┌──
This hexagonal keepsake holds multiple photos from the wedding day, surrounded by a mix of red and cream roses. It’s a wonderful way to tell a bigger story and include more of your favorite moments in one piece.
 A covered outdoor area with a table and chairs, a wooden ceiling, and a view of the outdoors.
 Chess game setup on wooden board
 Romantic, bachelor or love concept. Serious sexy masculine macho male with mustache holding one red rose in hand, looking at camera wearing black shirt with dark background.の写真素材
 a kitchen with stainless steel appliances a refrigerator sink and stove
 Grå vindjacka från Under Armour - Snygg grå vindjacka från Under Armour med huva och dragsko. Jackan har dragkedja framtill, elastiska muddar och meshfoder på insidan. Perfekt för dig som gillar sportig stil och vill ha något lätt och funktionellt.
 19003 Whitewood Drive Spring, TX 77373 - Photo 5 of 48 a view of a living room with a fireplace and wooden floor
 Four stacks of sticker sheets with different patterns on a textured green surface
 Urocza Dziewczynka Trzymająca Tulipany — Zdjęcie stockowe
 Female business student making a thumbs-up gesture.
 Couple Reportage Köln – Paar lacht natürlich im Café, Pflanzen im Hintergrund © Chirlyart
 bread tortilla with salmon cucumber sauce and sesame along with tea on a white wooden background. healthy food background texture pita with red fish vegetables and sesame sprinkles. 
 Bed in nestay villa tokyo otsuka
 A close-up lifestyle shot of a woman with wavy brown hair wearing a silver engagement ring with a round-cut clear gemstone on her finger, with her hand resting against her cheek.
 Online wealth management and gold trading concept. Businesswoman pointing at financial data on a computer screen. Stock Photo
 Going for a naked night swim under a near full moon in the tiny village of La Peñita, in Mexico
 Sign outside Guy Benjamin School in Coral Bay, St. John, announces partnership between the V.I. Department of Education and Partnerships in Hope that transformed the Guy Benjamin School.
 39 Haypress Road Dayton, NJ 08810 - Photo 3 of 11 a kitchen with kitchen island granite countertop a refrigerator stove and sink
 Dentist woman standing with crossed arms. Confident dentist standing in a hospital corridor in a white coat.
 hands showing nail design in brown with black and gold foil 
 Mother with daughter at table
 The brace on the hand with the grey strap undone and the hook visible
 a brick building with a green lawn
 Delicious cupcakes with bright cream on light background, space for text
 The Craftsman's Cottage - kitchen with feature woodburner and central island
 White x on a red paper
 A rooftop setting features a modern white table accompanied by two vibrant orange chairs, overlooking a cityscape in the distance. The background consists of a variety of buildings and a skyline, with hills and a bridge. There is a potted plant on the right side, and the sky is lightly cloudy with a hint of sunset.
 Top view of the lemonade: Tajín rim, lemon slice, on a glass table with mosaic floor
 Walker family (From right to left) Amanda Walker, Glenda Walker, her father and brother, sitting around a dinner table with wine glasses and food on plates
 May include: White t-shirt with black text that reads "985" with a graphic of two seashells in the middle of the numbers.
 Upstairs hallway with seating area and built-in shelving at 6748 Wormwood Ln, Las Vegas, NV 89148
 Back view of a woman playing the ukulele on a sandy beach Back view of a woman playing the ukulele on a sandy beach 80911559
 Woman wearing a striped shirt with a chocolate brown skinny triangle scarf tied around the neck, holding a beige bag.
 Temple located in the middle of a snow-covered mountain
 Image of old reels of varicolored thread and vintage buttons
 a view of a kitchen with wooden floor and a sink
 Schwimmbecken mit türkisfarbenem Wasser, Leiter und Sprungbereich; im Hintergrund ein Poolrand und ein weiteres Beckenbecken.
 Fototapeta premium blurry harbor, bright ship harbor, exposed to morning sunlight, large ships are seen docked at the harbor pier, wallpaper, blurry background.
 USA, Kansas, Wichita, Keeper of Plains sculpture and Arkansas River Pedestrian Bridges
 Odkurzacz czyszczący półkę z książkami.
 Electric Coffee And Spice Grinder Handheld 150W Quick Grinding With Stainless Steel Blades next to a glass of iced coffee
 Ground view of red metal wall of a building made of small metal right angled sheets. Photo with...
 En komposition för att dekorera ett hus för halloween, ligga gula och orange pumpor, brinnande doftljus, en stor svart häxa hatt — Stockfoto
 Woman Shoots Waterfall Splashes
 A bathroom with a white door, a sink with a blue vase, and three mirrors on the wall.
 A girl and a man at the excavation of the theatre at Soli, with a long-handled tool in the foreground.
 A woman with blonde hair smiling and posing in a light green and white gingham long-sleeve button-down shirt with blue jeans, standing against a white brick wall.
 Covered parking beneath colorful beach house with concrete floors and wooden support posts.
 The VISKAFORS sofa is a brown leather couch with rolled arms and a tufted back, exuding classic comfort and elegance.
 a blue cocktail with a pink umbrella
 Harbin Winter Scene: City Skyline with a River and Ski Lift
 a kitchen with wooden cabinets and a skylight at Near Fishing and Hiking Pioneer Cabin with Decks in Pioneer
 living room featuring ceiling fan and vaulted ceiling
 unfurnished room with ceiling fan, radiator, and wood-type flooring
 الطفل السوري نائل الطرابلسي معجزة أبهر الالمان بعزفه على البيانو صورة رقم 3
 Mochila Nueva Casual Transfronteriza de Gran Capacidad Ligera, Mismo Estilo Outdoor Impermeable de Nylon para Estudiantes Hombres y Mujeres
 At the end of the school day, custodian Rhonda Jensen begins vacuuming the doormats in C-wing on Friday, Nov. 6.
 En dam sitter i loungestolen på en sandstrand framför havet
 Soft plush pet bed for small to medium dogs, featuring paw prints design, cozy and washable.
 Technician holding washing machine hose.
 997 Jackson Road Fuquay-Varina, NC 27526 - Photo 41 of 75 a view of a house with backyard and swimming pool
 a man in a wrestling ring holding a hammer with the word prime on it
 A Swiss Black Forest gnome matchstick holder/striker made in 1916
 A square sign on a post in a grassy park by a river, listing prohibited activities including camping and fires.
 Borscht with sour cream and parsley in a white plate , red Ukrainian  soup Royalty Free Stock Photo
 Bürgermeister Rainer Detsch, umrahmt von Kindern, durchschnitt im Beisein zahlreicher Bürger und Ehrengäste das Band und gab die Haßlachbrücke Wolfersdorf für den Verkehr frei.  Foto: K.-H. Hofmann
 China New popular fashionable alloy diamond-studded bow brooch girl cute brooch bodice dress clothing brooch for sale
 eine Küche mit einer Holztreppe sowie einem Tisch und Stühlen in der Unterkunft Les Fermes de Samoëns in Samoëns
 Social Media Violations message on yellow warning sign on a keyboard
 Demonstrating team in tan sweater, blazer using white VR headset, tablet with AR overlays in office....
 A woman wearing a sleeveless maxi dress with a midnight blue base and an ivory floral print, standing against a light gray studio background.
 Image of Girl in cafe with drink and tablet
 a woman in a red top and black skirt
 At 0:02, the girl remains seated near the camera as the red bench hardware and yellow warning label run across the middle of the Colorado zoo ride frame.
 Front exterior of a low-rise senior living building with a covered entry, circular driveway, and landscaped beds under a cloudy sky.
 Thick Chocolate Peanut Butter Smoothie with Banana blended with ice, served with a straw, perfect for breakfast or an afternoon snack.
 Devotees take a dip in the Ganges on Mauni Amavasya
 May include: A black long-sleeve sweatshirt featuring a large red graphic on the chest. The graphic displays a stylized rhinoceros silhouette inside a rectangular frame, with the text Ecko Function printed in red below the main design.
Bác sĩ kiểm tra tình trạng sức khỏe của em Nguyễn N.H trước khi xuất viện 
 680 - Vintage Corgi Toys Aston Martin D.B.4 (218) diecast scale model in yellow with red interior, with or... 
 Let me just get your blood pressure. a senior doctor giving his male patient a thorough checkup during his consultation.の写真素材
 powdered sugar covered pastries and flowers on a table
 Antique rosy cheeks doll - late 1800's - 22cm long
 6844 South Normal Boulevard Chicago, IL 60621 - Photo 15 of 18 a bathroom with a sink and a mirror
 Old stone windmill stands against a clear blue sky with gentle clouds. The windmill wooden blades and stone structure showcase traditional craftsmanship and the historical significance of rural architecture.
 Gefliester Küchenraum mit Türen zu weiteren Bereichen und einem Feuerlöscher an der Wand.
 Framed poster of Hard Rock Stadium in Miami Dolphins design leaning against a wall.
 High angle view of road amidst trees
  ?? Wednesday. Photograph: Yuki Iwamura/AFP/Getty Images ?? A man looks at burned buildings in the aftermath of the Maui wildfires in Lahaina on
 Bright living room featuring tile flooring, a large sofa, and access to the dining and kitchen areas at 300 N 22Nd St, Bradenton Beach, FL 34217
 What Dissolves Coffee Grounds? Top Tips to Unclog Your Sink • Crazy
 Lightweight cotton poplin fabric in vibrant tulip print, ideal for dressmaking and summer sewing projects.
└──
● EXERCISE BRIEF
Starting at the line that has "Dentist woman standing" in the records above, restate word for word every line until the one that has "a brick building with a green lawn", and include that one as well.

● RESPONSE TO THIS TASK
 Dentist woman standing with crossed arms. Confident dentist standing in a hospital corridor in a white coat.
 hands showing nail design in brown with black and gold foil 
 Mother with daughter at table
 The brace on the hand with the grey strap undone and the hook visible
 a brick building with a green lawn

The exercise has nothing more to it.